The next time you actually say something specifically will be the first. Yours is a constant stream of implications. If your point was that science could be wrong well then BRAVO. We could after all learn that we're inside the Matrix tomorrow at which point the science would be extremely wrong. We could discover a long hidden molecule that does everything that CO2 seems to do and at that point the science would be wrong. Etc etc etc etc.
I noticed that while you were pointing out that consensus could be wrong, you sure as didn't post any articles or blogs about how often consensus is right.
Which do you think happens more often? A case like your bacteria/ulcers situation, or a case like the hundreds of thousands of other theories in science that aren't disproven?
Repeating that I did not understand the point over and over again is not going to make it true.
I get that you wanted to belabor a point from only the angle that you choose but you did in the midst of your waffling from position to position to their refutations say:
a) that you thought the presidents claims about Florida were innacurate
b) that you felt that the AGCC and AL DERP GORE were poor ambassadors and that lay people such as yourself cannot trust was a serious issue.
If you did indeed make those assertions then how is bringing up the insurance industry as an alternate source that is a major industry with obvious 'conservative' inclinations claiming the exact same thing not germane?
I can get why you don't want to consider it and I know that I am belaboring a point but if you want to force the issue with a serious dissembler thats what you have to do.
You just dismiss it out of hand.
That still isn't a scientific method.
Facts make statistics. Statistics don't make facts.
Now, if you were being realistic, you would have said we could experience an existential threat between now and 2100 that would make all this global climate science moot.
Asteroid strike.
Super volcano eruption.
Alien invasion.
I think you get the picture.
Yeah the correlative analysis of BEST cannot be considered factual but modeling using solubility charts and combustion in the troposphere: thats the scientific method.
I thought the goal to support one's theory in science was to do everything possible to disprove it. Once you couldn't find anything to disprove it, the theory has merit.
Why doesn't the AGW community practice such an approach?
Remind me again about how you understand science?
DERP!!
The scientific method is a way to ask and answer scientific questions by making observations and doing experiments.
The steps of the scientific method are to:
Ask a Question
Do Background Research
Construct a Hypothesis
Test Your Hypothesis by Doing an Experiment
Analyze Your Data and Draw a Conclusion
Communicate Your Results
It is important for your experiment to be a fair test. A "fair test" occurs when you change only one factor (variable) and keep all other conditions the same.
Combustion of the troposphere is still pretty damn good.
Peanut gallery comments again. Have anything intelligent to say?
It would be impossible in the current state of the earth. Do you know how the magnetic field, and other variables were that long ago? What other chemistry might have been at play?

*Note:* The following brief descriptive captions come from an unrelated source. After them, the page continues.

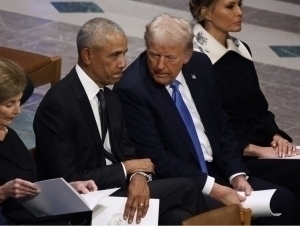 “Ҳеч ким қонундан устун эмас”. Трамп Обамани “ҳибсга олди” (видео)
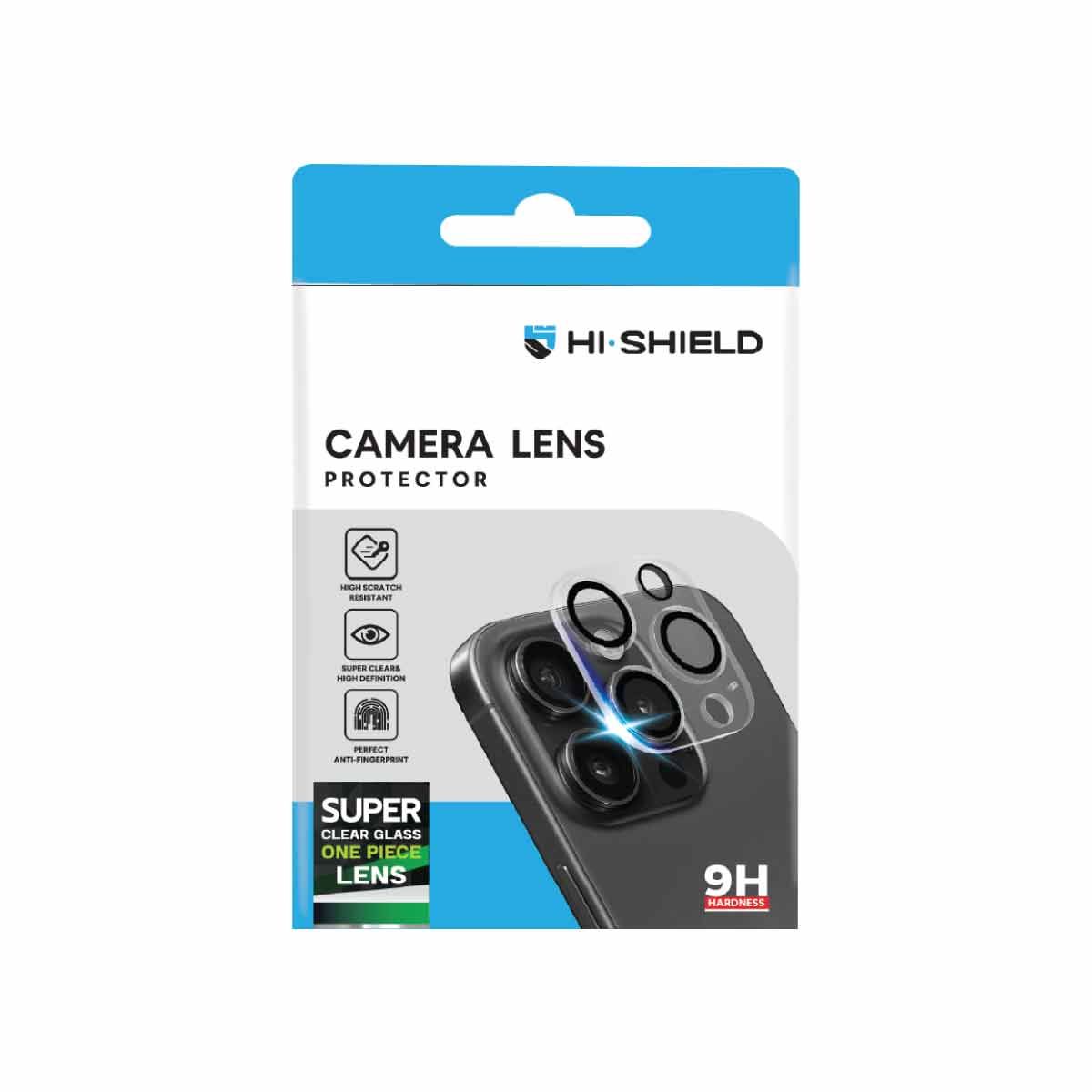 Hi-Shield กระจกกันเลนส์กล้องแบบเต็มแผ่น Super Clear Real Glass (1 Piece) - iPhone 18 Pro Max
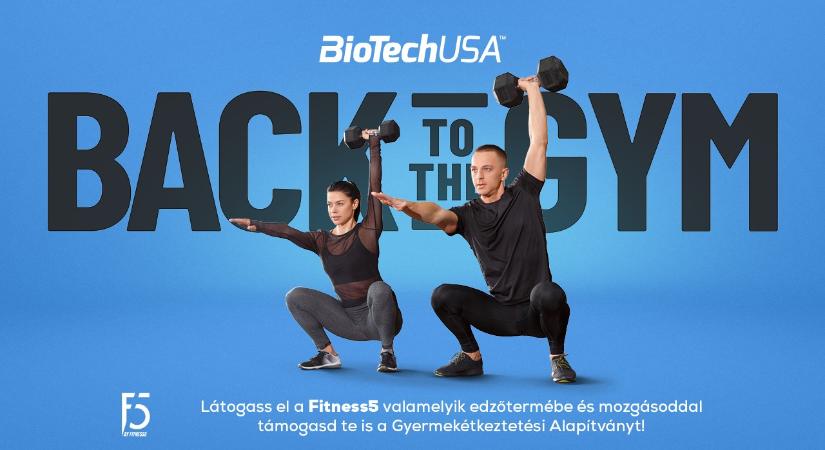 Életmódbeli tanácsokkal és jelentős kedvezménnyel hív vissza az edzőterembe a BioTechUSA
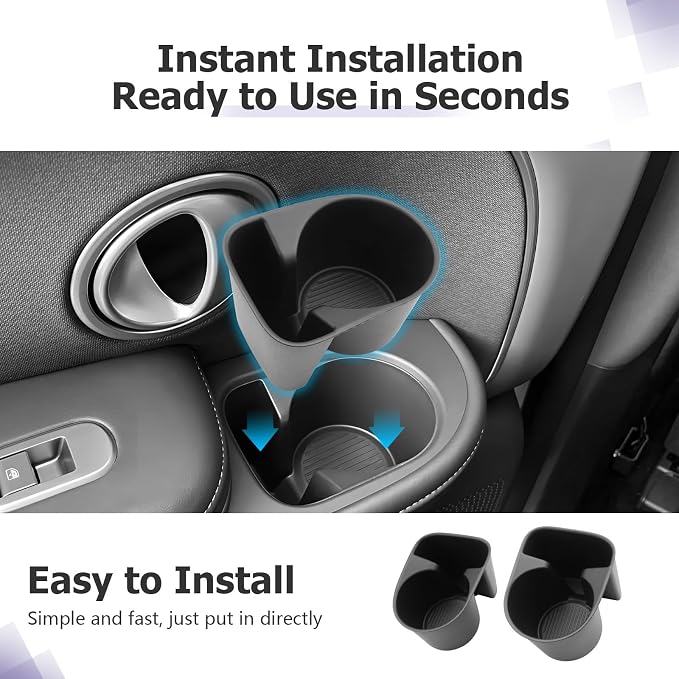 LUWU 2026 Palisade Accessories Compatible with 2026 Palisade SE/SEL/XRT/Limited/Calligraphy Accessories Center Console Silicone Cup Holder&Wireless Charging Mat&Rear Cup Holder 4PCS(Only for 7-Seat)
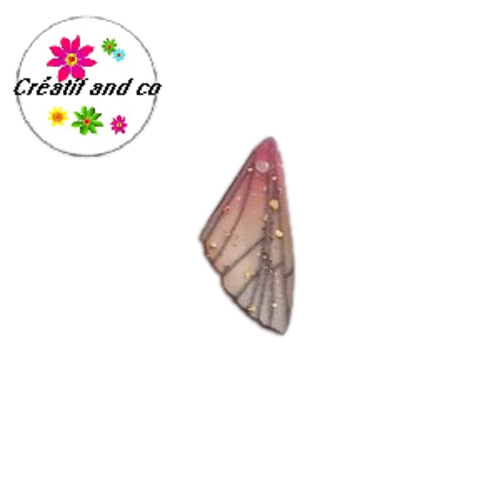 Breloque aile de papillon résine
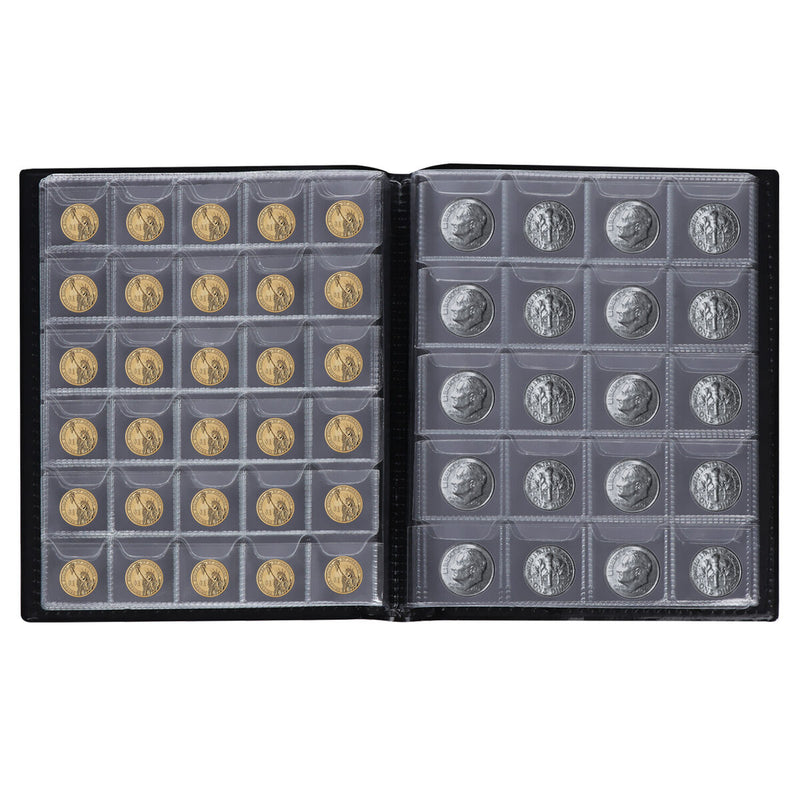 Storage Book Supplies Collectors Coin Album Holder Pockets Collecting Holder
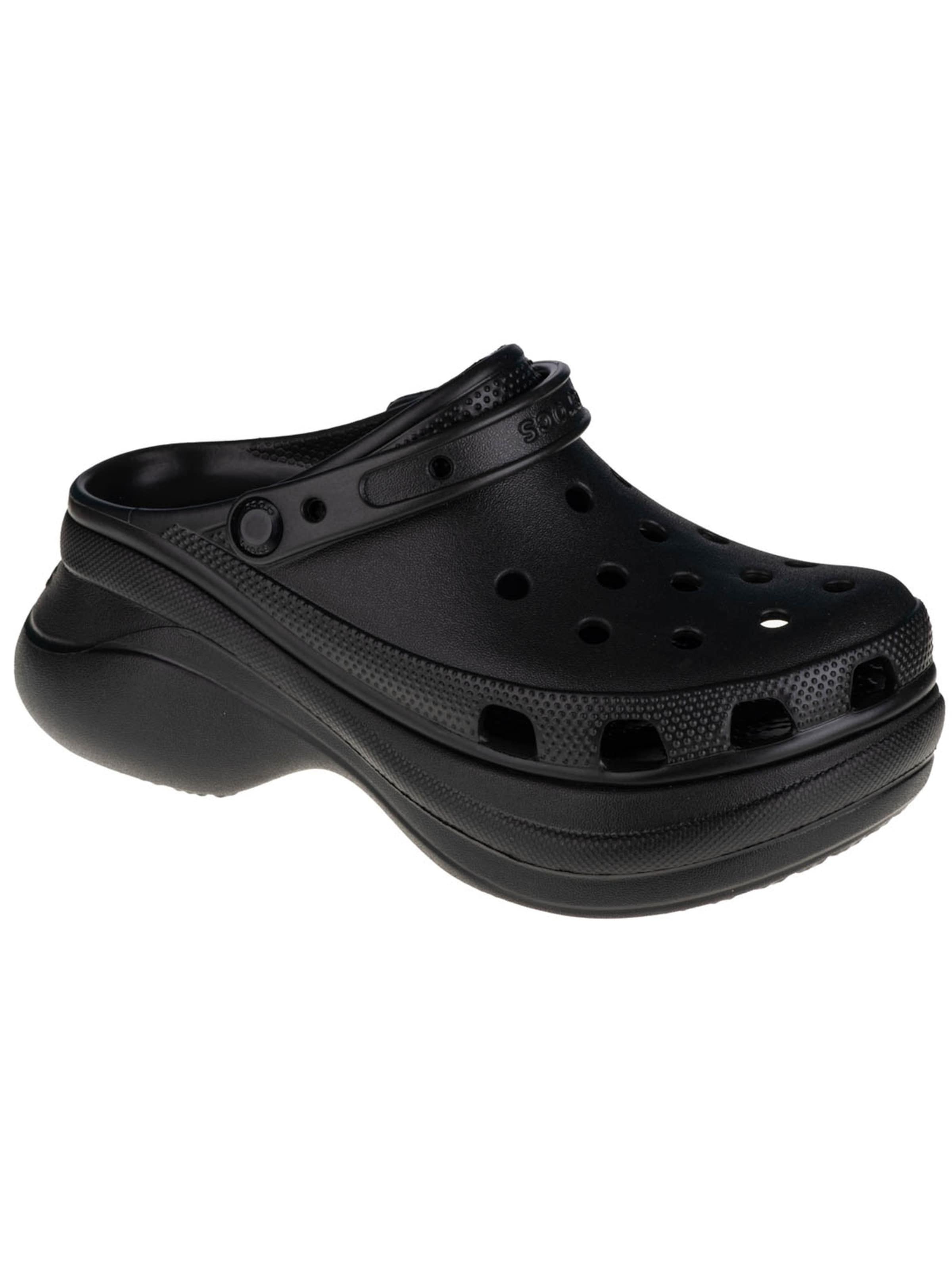 Crocs Clogs‌ in Schwarz: Vorderseite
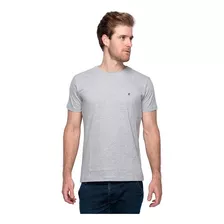 Camiseta Malha Masculina Básica Lisa Cotton Teodoro Academia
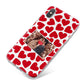 Valentines Day Heart Photo Personalised iPhone X Bumper Case on Silver iPhone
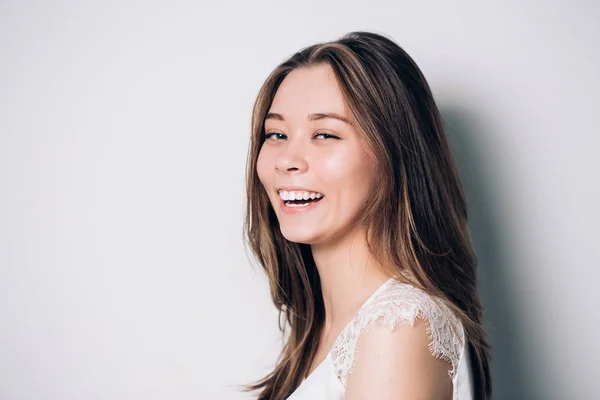 Portrait of a happy laughing woman — Stock Photo, Image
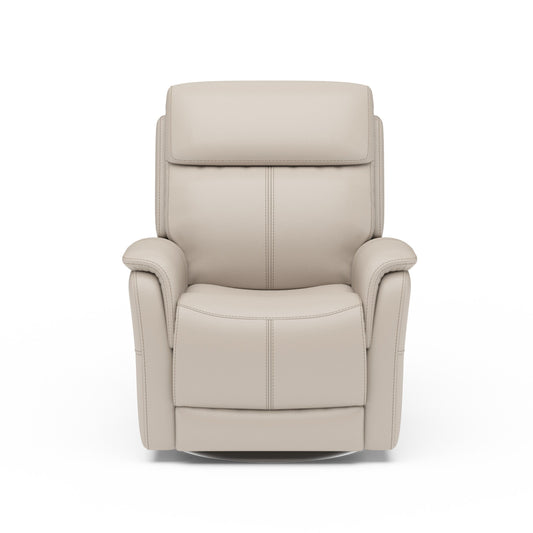 View - Swivel Power Recliner with Power Headrest & Lumbar - Premium Reclining Chairs from Flexsteel - Just $2375! Shop now at brett interiors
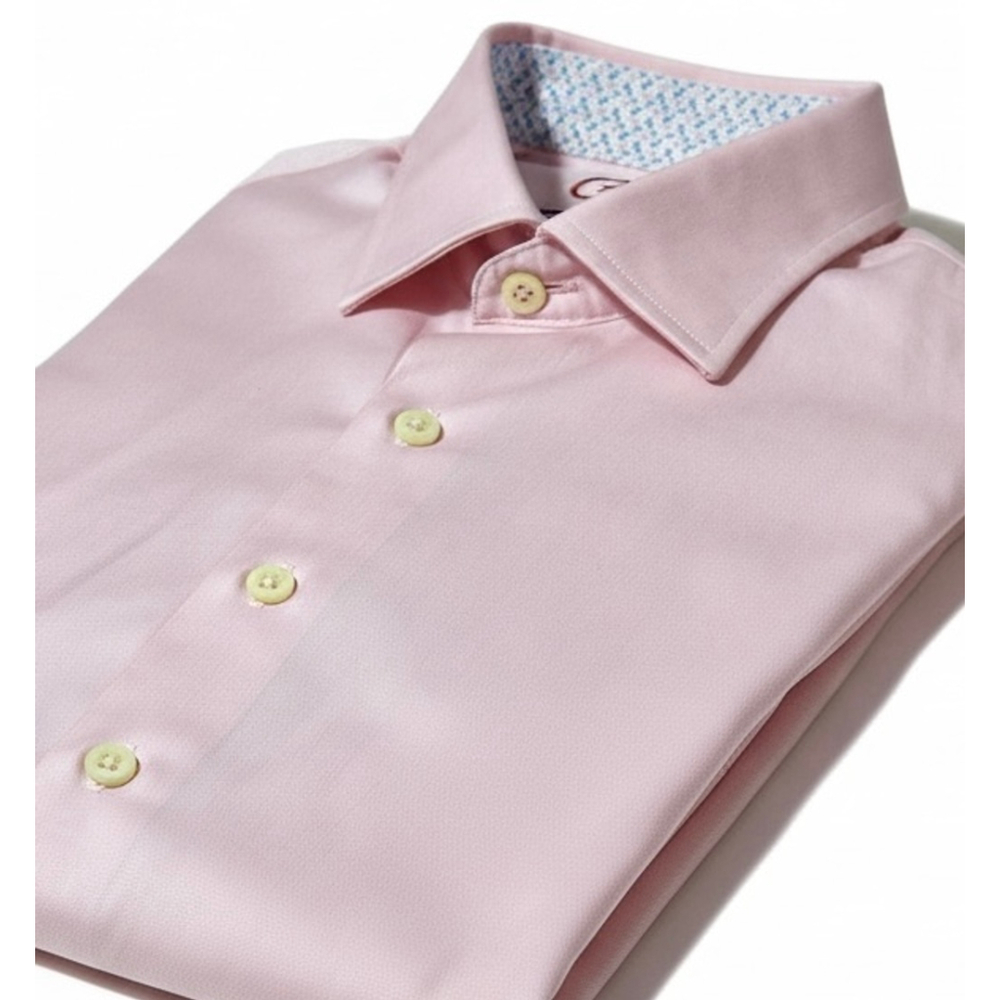 Robert Graham Boy’s Pink Dress Shirt Size 10-12 M Long Sleeve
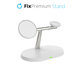 FixPremium - MagSafe stojalo 3 v 1 za iPhone, Apple Watch in AirPods, belo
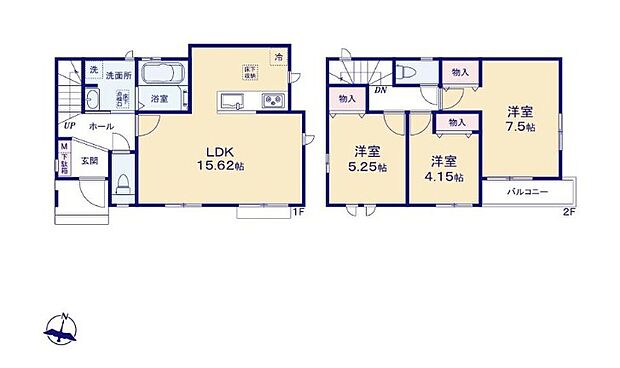 (C号棟)、価格4190万円、3LDK、土地面積96.74m2、建物面積78.55m2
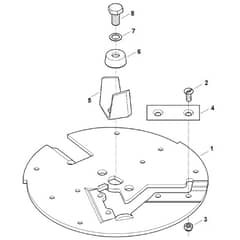 Viking SET 150 - Blade Set - Parts Diagram
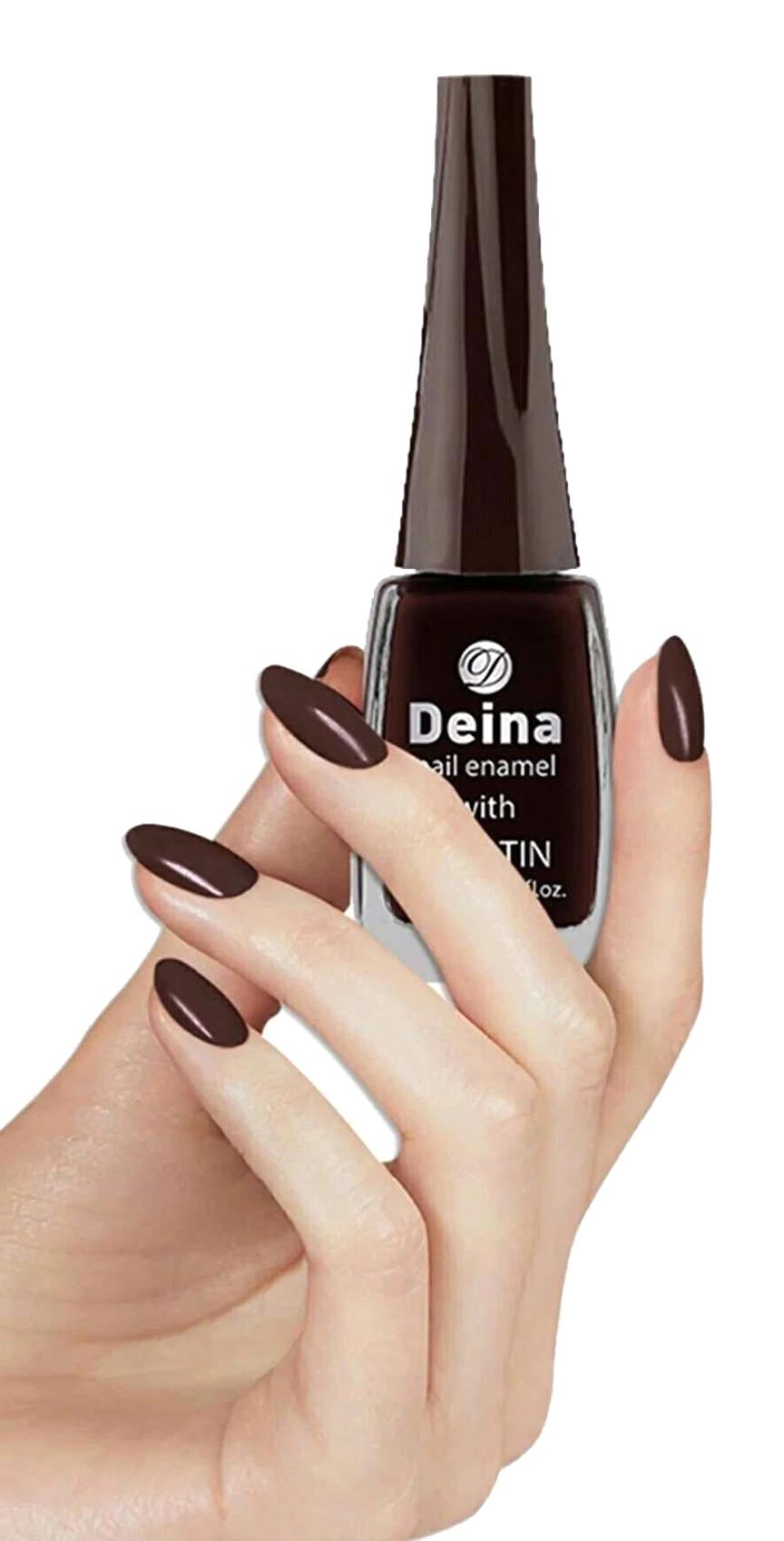 Deina 60 Koyu Kahve Parlak Oje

I was only making a case that such a thing might have been possible. I never said it did. For you to outright dismiss such a thing is not scientific at all. I will agree it's highly improbable.
Last...
You restated what I said wrong also. I never said troposphere, and I was going for slower molecular changes that most don't think of as combustion.
Please... keep the facts strait.
See Manny. There you have it: the scientific method at work.
Maybe my dissertation will be on paleoatmospheric combustion evidence.
First, I would need to read the research on magnetic field history.
I can see you being the type who if you lived back then, also laughed at the idea it would be possible to go faster than the speed of sound.
WC, remember that one time you said you were testing me?
Don't be as short sighted as you always are. I said "and other variables" as well.
My point is that the chemistry does allow for it under some conditions. The question would be if those conditions could have been met.
Again, highly improbable. I simply cannot believe that you have no acceptance of unlikely events being able to happen.
No, care to link?
Hes right; I get those 't's mixed up. DERP!
derp!!!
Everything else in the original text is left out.